A data frame containing the reference data for comparison. The following columns should be present:

  • Predictor: SNP identifier (character).

  • A1: Allele 1 (character).

  • A2: Allele 2 (character).

  • A1_Mean: Mean value for allele 1 (numeric).

  • MAF: Minor allele frequency (numeric).

  • Call_Rate: Call rate (integer).

  • Info: Information score (integer).

bfile

file path for reference population (built for using 1kG, e.g., /path/EUR/EUR).

Value

A list containing:

  • plots: A list of plots, including the alignment plot and observed vs expected z-score plots.

  • list_df: The final data frame after allele flipping and adjustments.

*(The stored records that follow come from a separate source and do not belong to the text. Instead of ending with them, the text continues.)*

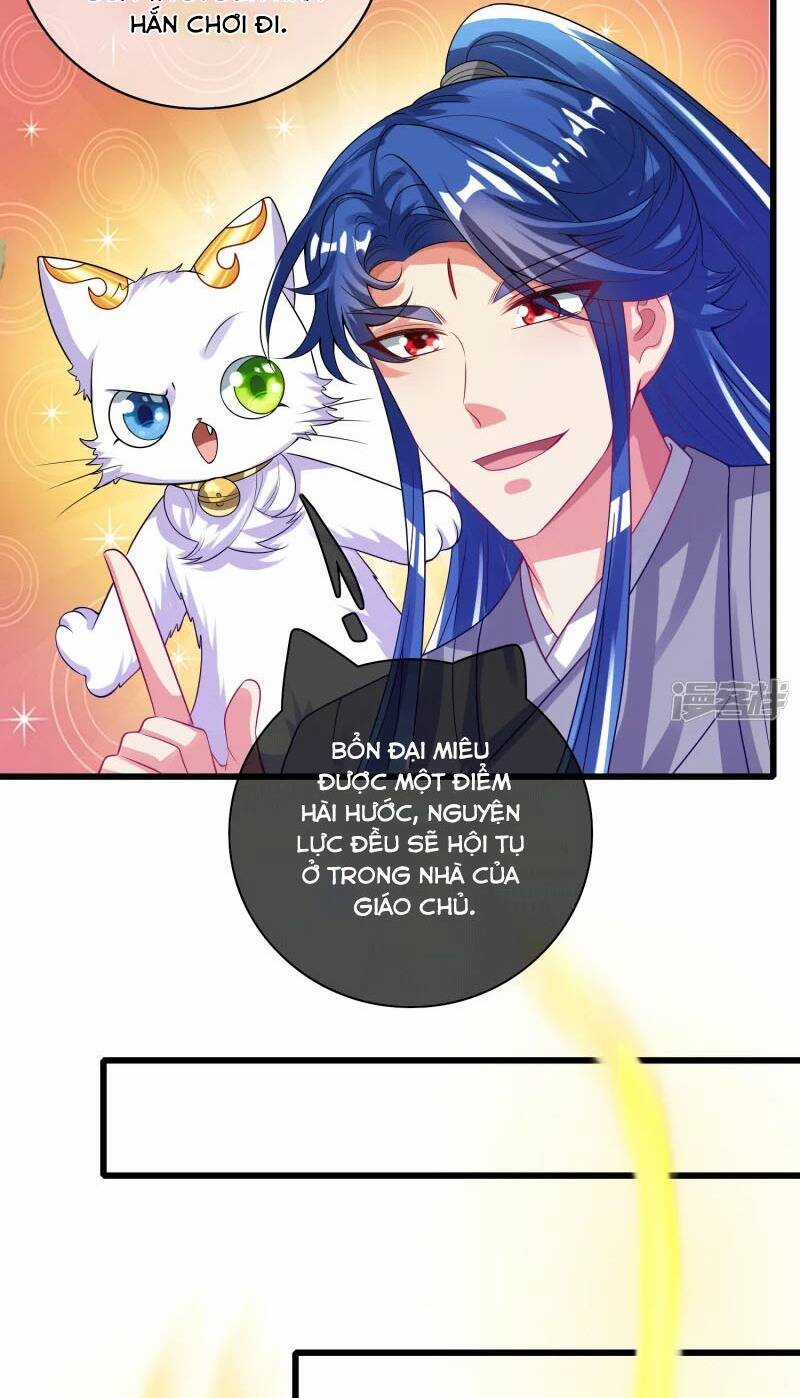 Hài Đế Vi Tôn Chapter 146 trang 19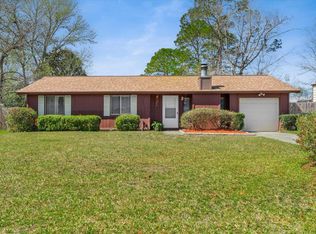 322 Palmwood Ct, Middleburg, FL 32068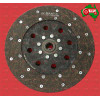 Kubota Dual PTO Plate 280mm x 24 x 10 Spline
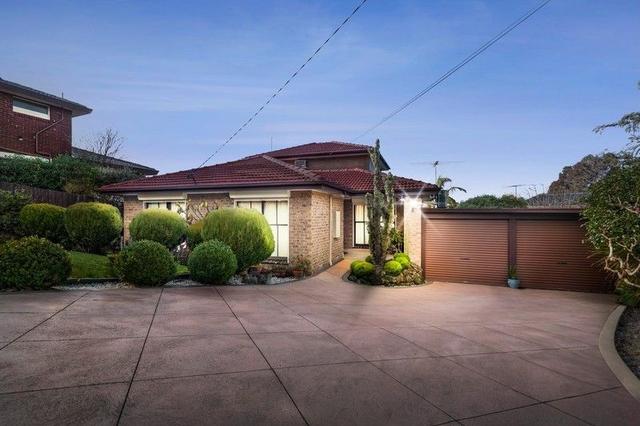 1 Marcellin Road, VIC 3105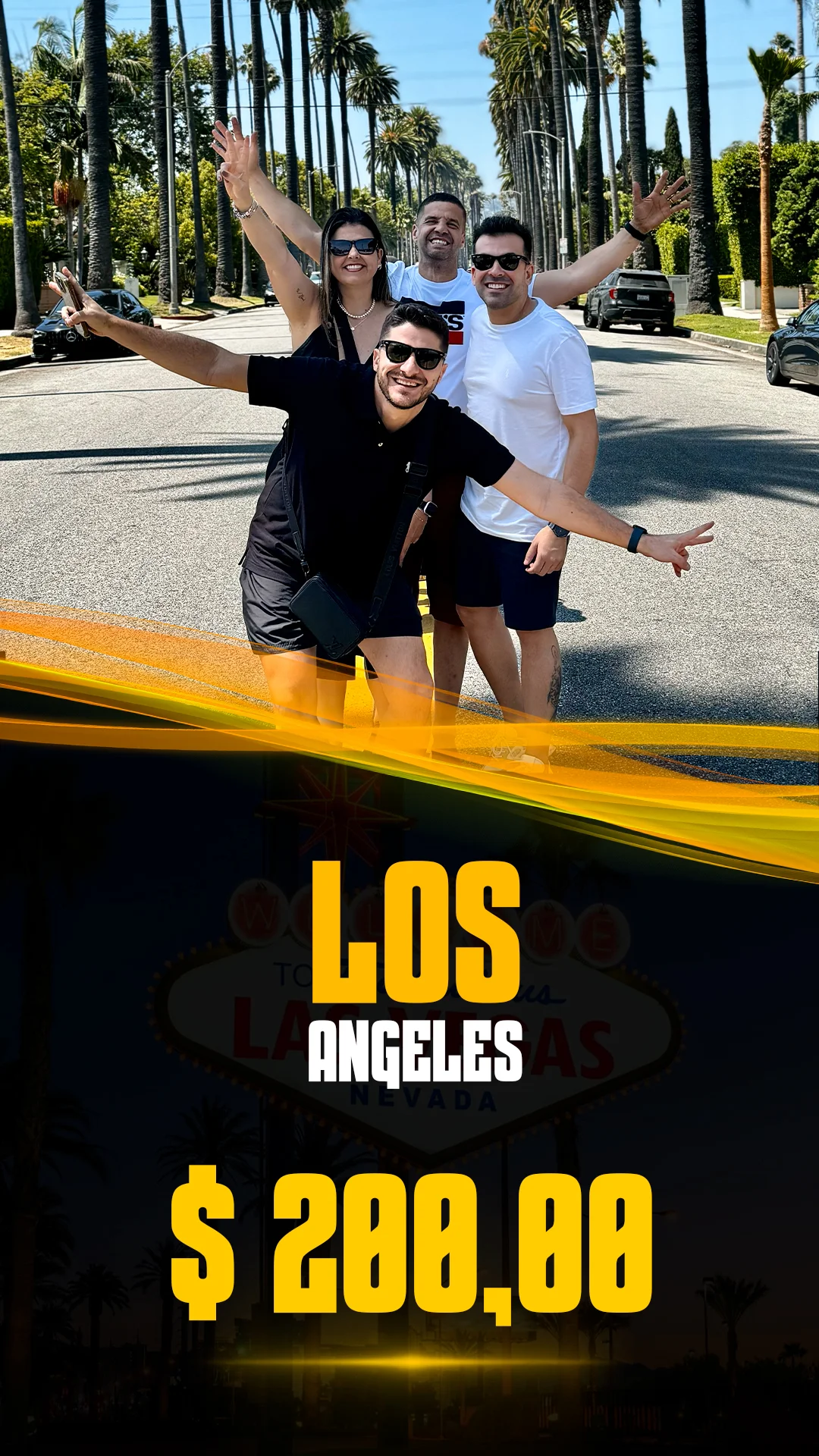 Los-Angeles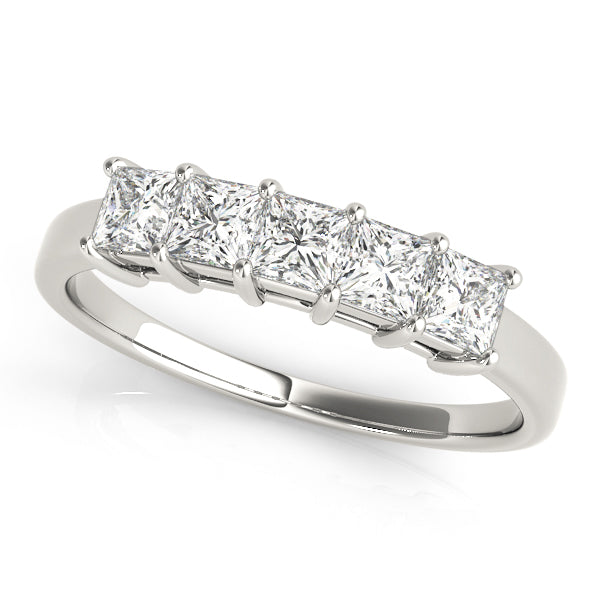 Wedding rings
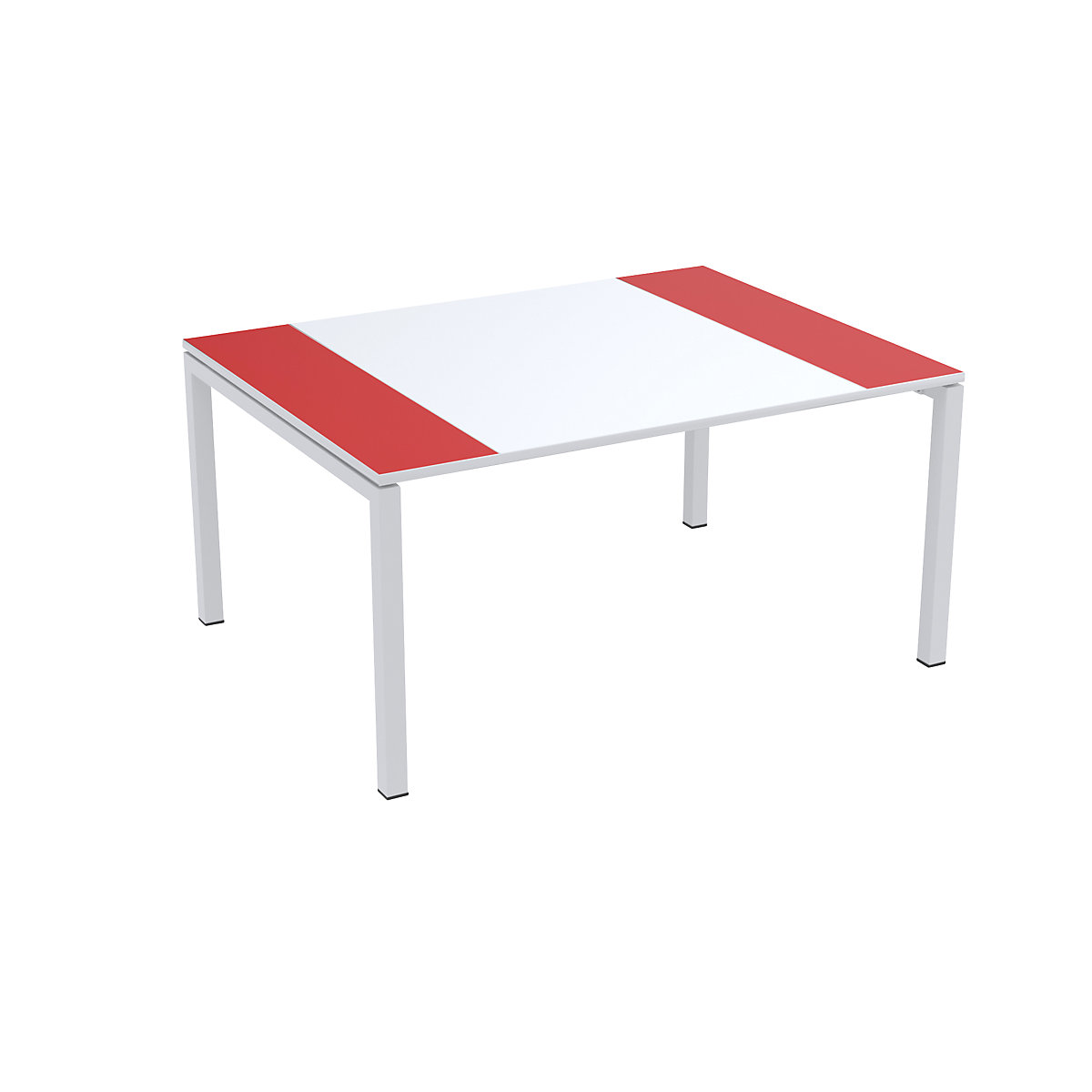 Mesa de conferência easyDesk® – EasyDesk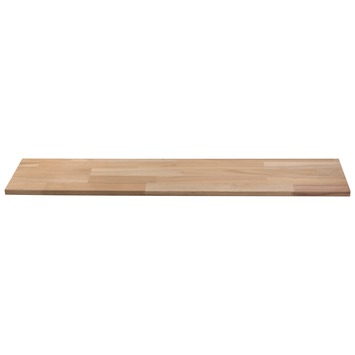 CanDo massief timmerpaneel beuken 100x20cm 18 mm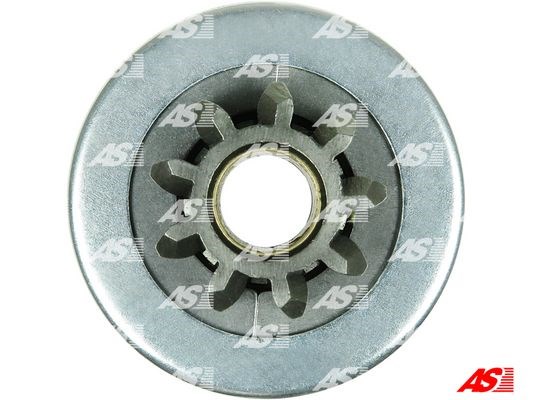 Freewheel Gear, starter AS-PL SD4005 2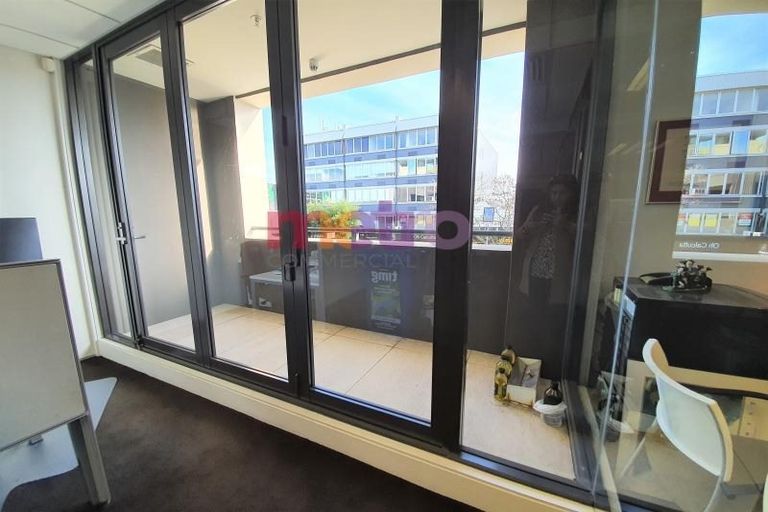 Photo of property in Heards Building, 303/2 Ruskin Street, Parnell, Auckland, 1052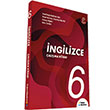 6. S�n�f �ngilizce �al��ma Kitab� Do�an Akademi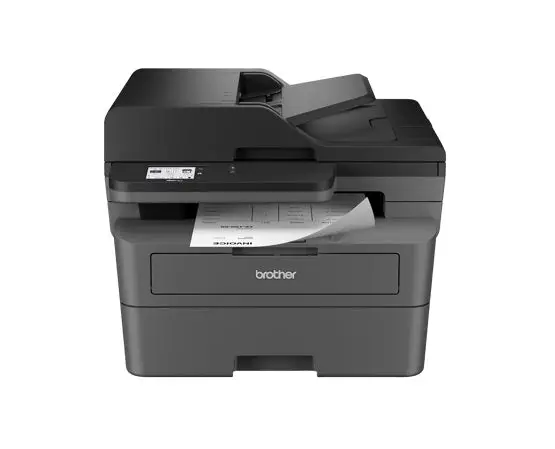 Brother Mfc-L2820dw Monochrome All-In-One Laser Printer - Mfc-Lc2820dw 1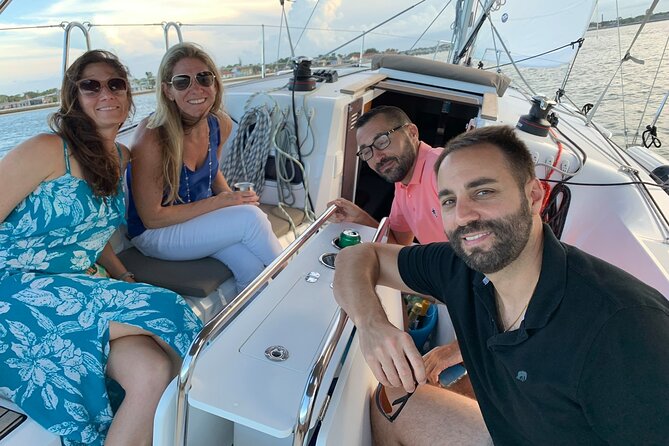 Shared Day Sail Review: A Memorable Experience - Tips for a Smooth Sailing Experience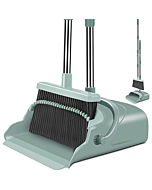 Broom and Dustpan Set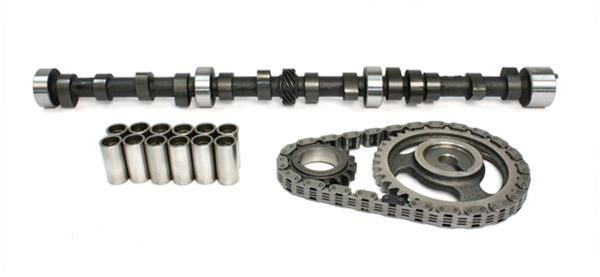 Comp Cams CCSK64-247-4 Comp Cam Kit Cr6 260H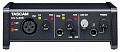 Tascam US-1x2HR USB аудиоинтерфейс (1 вход микрофонный, 1 вход линейный, 2 выхода)  Ultra-HDDA mic-preamp  24 бит/192 кГц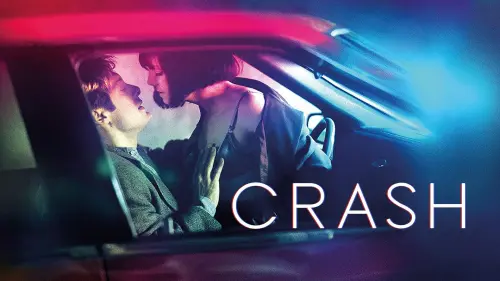 Watch film Crash | Official MK2 Trailer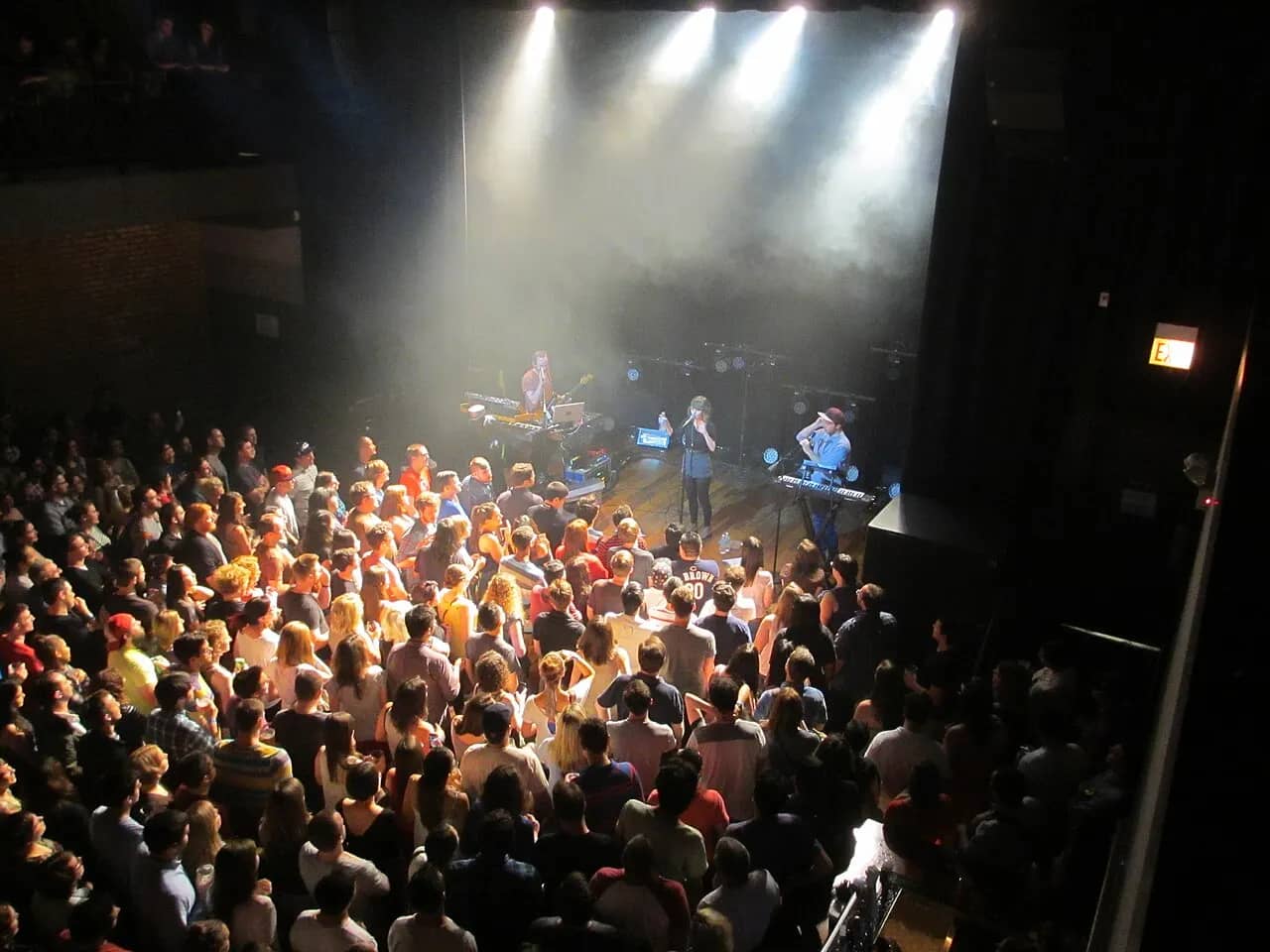 Lincoln Hall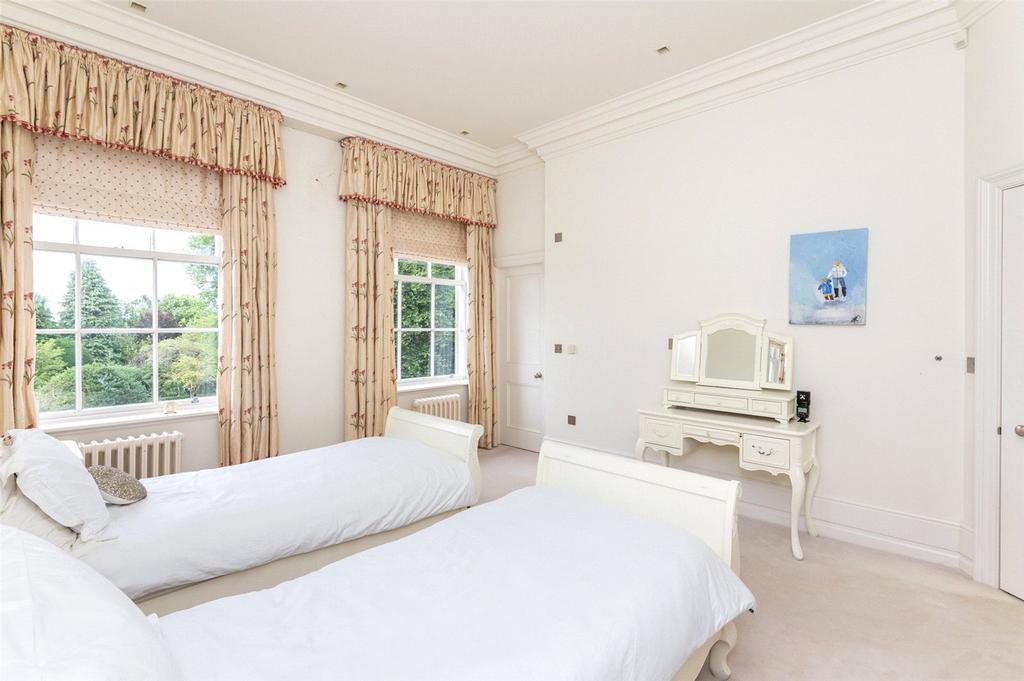 Bedroom Five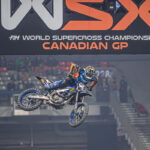 2024 FIM World Supercross Championship Round 2 - Entry Lists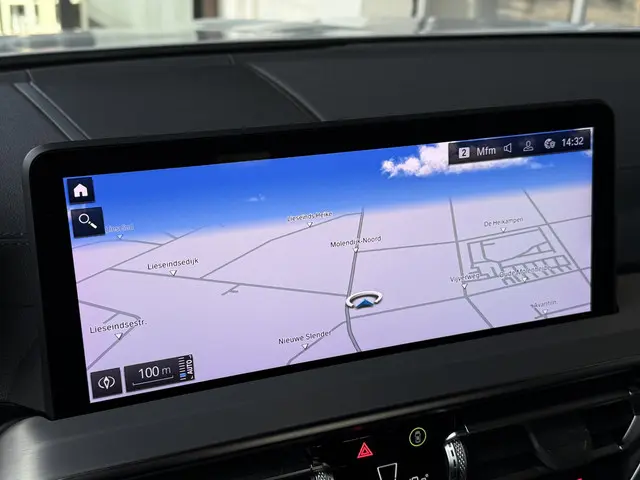 BMW X3 xDrive30e 2022 Hybride Benzine 18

  • lambda: A list of lambda estimates for the adjusted z-scores.

Details

The function first merges the GWAS summary statistics with the reference data based on the SNP identifier and flips the effect sizes if the effect allele (EA) does not match allele 1 (A1) in the reference. It then computes an LD matrix using the ieugwasr::ld_matrix_local function, which is used in subsequent analyses. The function also runs a kriging procedure using susieR::kriging_rss to adjust the z-scores based on the LD matrix, and generates plots comparing the observed and expected z-scores before and after allele flipping. The function will iteratively flip alleles and update the data until no moreallele flips are needed (based on a log likelihood ratio test).